Kalogera said that the event was exciting for several reasons. The ratio of the two colliding masses was the most extreme — 9-to-1 — of the gravitational wave collisions that have been observed so far. Astronomers have difficulty imagining how such unmatched stars could get together in a binary double-star system to begin with.

“This is very hard for formation theories to explain,” she said.

The signal — a characteristic “chirp” caused by the colliding objects circling faster and faster as they approach their moment of ultimate doom — lasted about 10 seconds. “Due to the favorable circumstance of having observed such a loud signal with quite different component masses and for about 10 seconds, we achieved the most precise gravitational-wave measurement of a black hole spin to date,” Alessandra Buonanno, of the Albert Einstein Institute in Potsdam, Germany, said in a statement issued by the institute’s arm in Hannover, Germany.
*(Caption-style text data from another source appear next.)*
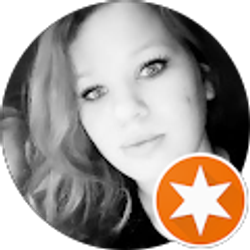 Profile photo of Robin McDaniel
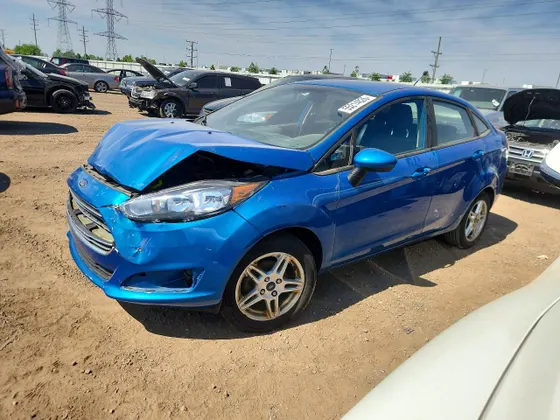 2017 Ford Fiesta SE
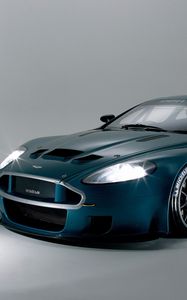 Preview wallpaper aston martin, dbrs9, 2005, green, front view, style, cars, sports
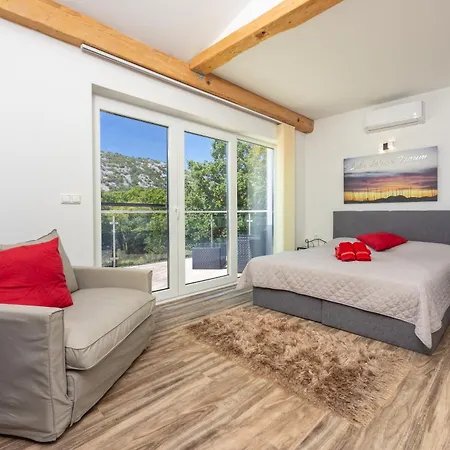 Вилла Monte Adria Брибир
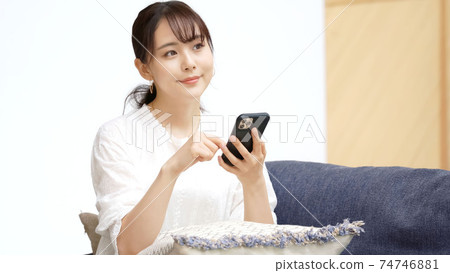 使用智慧型手機的女人 使用智慧型手機的女人 74746881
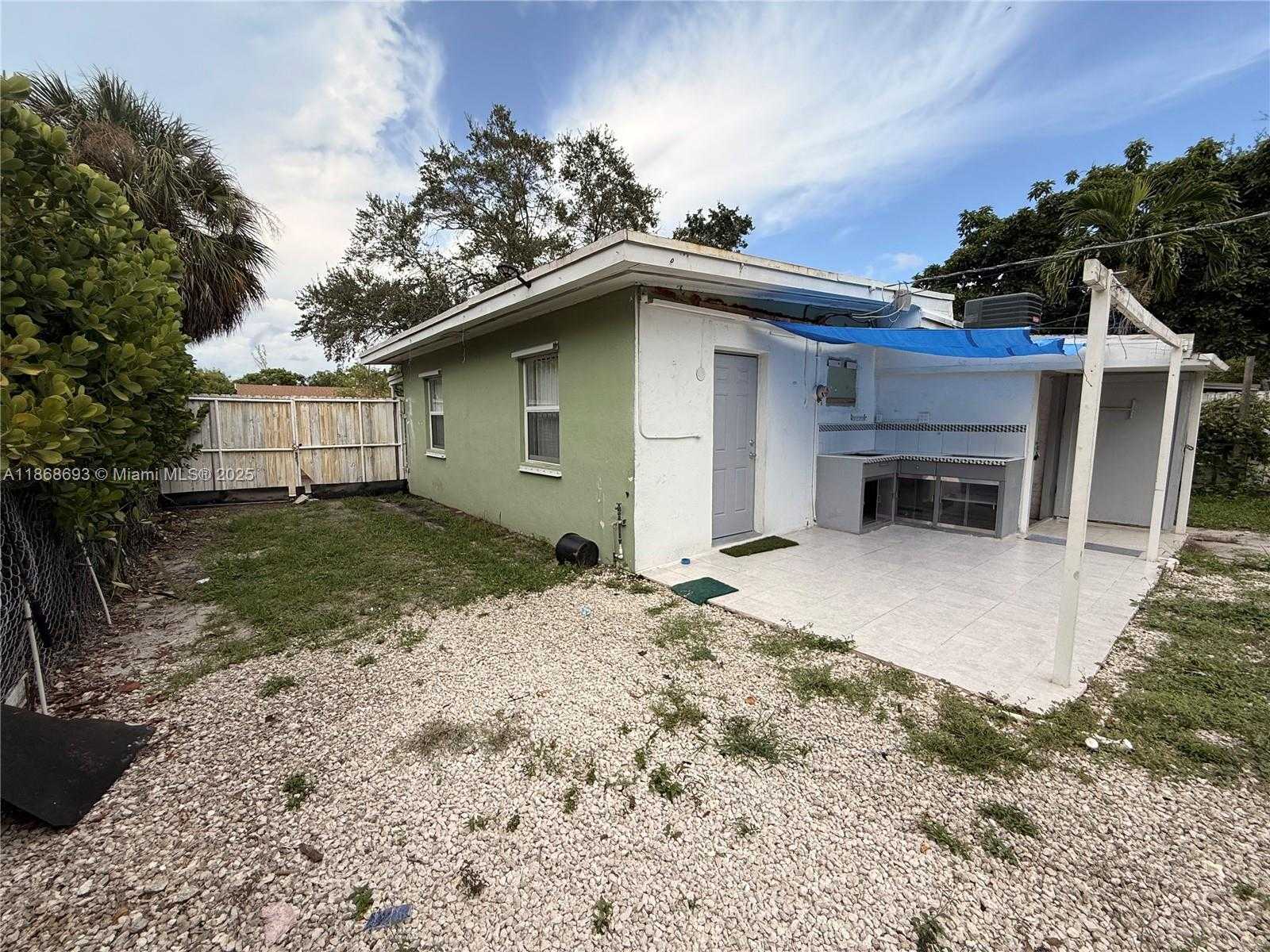 Small Image of 1060 NORTH WEST 121ST ST, North Miami Number 16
Daniel Holz, an astronomy professor at the University of Chicago who is a member of the LIGO collaboration, but not one of the principal authors of this paper, mused that neutron stars and black holes were in some sense “polar opposites.”

“A neutron star is composed of the densest matter in the universe, and is in some sense the ultimate star,” he said in an email. “A black hole is just warped space and time. It doesn’t even have a physical surface! And the interior of a black hole is in some sense not even part of our universe, since nothing can come out of it.”

He added: “What is astounding is that, despite their profound differences, in this particular case we can’t tell which is which!” All the clues disappeared into the resultant black hole.

“So we’re not sure if this object is a neutron star or a black hole, and either way it’s exciting and we learn something new,” Holz said. “It’s a win-win! Lots of theorists are now sharpening their pencils to try to explain what we’ve seen.”